In Washington state, the rating fell 5 points to 23%.

Cold weather

And further cold weather could be the story of the US winter, if El Nino arrives as some meteorologists foresee, although it would at least by accompanied by rains to boost soil moisture levels in the US Plains.

“Longer term the influence of El Nino conditions, evidenced by warmer than normal sea surface temperatures along the equator in the Pacific Ocean, is expected to bring above-normal levels of precipitation and below-normal temperatures,” Mark Welch at Texas A&M University said in a wheat report.

Still, there is some idea of fears easing over Russian winter wheat, which has been tested by a lack of moisture, and developed poorly.

“Weather forecasters continue to expect temperatures low temperatures in the Russia, but the coldest temperatures and limited snow protection do not coincide all that much,” CBA’s Tobin Gorey said, with snow offering seedlings a blanket against real cold.

Saudi purchase

And the result of the Saudi Arabia wheat tender, which ended up in purchases of 345,000 tonnes of wheat at cut prices, and apparently not from the US, continues to get comment.

“The fact that merchants appear to be offering wheat below replacement cost signals the amount of global wheat that some feel needs to be moved,” said Brian Henry at Benson Quinn Commodities.

This is a particularly concerning signal for US wheat, which is seen as priced out of the market for all but routine destinations.

The wheat Saudi Arabia ordered “may be sourced out of a couple of originations, but it looks like Germany was the odds on favourite to do the bulk of the business,” Mr Henry noted.

‘Aggressive offer’

Corn, meanwhile, repeated its trick of trading between wheat and soybeans, down 0.2% at $3.79 ½ a bushel for March delivery.

The USDA data out overnight actually showed US harvest overtaking the typical pace, at 94% complete, compared with a typical 92%.

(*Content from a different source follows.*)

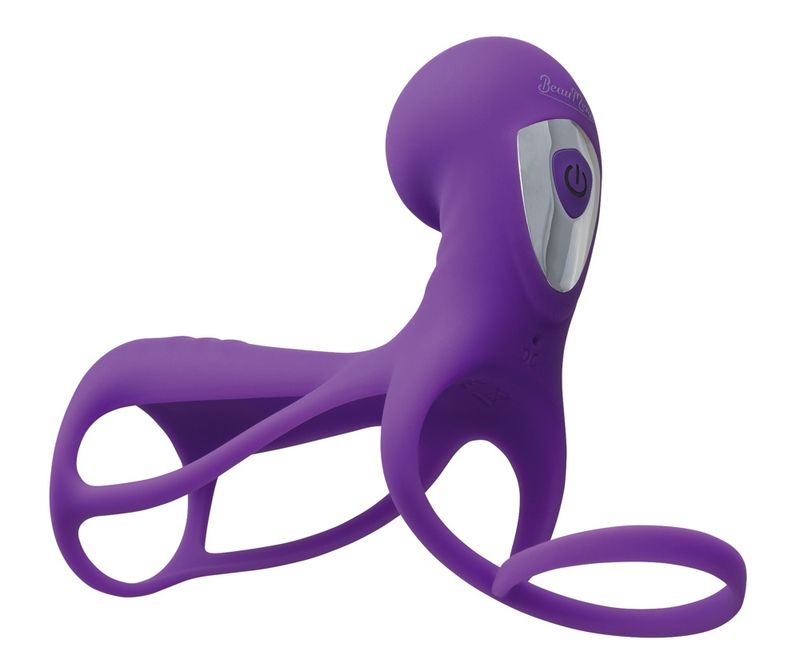 BeauMents Twosome Fun Parvibrator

That means that “about 770m bushels are still in the field in the area impacted by the US storm, with about half of that in Michigan, Ohio, and Wisconsin,” Dr Welch noted.

There is less concern over US corn exports than wheat.

“Ukraine continues to have an aggressive offer,” Mr Henry said, but added that “I doubt their offer is very deep on shipments after the first of the year”.

Cotton gains

In New York, cotton for March added 0.5% to 59.10 cents a pound, continuing to be pulled towards that 59-60 cents-a-pound level, and helped into some recovery by the slowish pace of the US harvest.

US farmers have 77% of their cotton in the barn, compared with a typical 83%, reflecting a poor pace in the southern Plains.

In both Oklahoma and Texas, growers have harvested less than 60% of their cotton.